## **Tailoring QR-DQN to Seaquest**


This report analyzes how QR-DQN (Quantile Regression DQN) can be tailored to the Atari game Seaquest. The goal is to evaluate how well the algorithm performs in this environment and how specific changes to the training setup influence its performance.

## 1. Seaquest

### 1.1 Seaquest (Atari 2600)

Seaquest is an Atari 2600 game in which a player controls a submarine. The main goal is to rescue divers and destroy enemies. The player must manage limited oxygen, which makes regular surfacing important.

The submarine can move in all directions and shoot torpedoes. The player has a limited number of lives. Oxygen continuously decreases while the submarine is underwater and is shown by an on-screen indicator.

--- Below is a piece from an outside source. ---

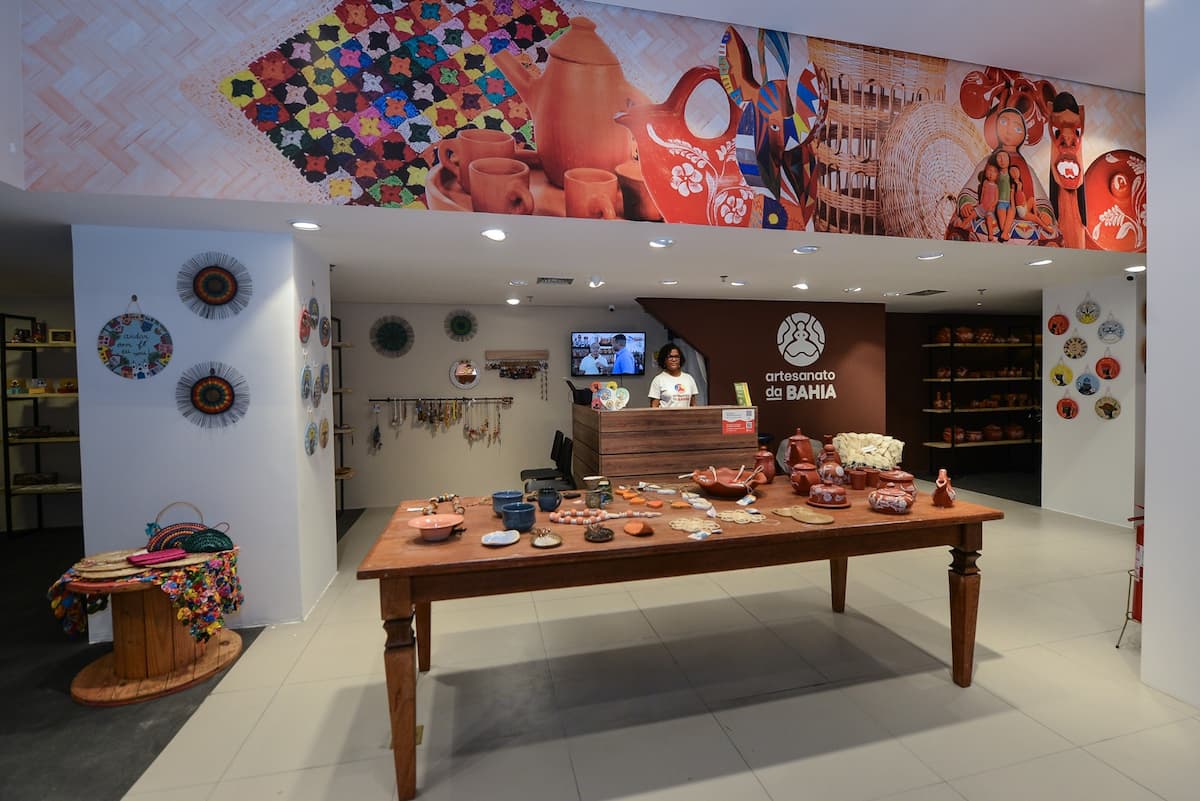 Fachada da nova loja de artesanato no Shopping da Bahia com decoração e materiais expostos e uma funcionária no caixa da loja que predomina nas cores marrom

To refill oxygen, the player must surface.

If the oxygen level reaches zero, the player loses one life. When surfacing with at least one rescued diver, exactly one diver is safely delivered. Surfacing without carrying a diver results in the loss of one life. This creates a risk–reward trade-off between staying underwater longer and surfacing in time.

The scoring system rewards both rescuing divers and destroying enemies. Destroying an enemy grants 20 points. After rescuing six divers, each diver is worth 50 points, and an additional oxygen bonus is awarded. After every set of six rescued divers, the game difficulty increases: the points per diver increase by 50, up to a maximum of 1000 points, and the points for destroying enemies increase by 10, up to a maximum of 90 points.

There are two main enemy types. Sharks actively follow the divers, and colliding with them causes the player to lose one life. Enemy submarines move horizontally, often near the surface, and fire torpedoes in their direction of movement. Being hit by a torpedo or colliding with an enemy submarine also results in the loss of one life.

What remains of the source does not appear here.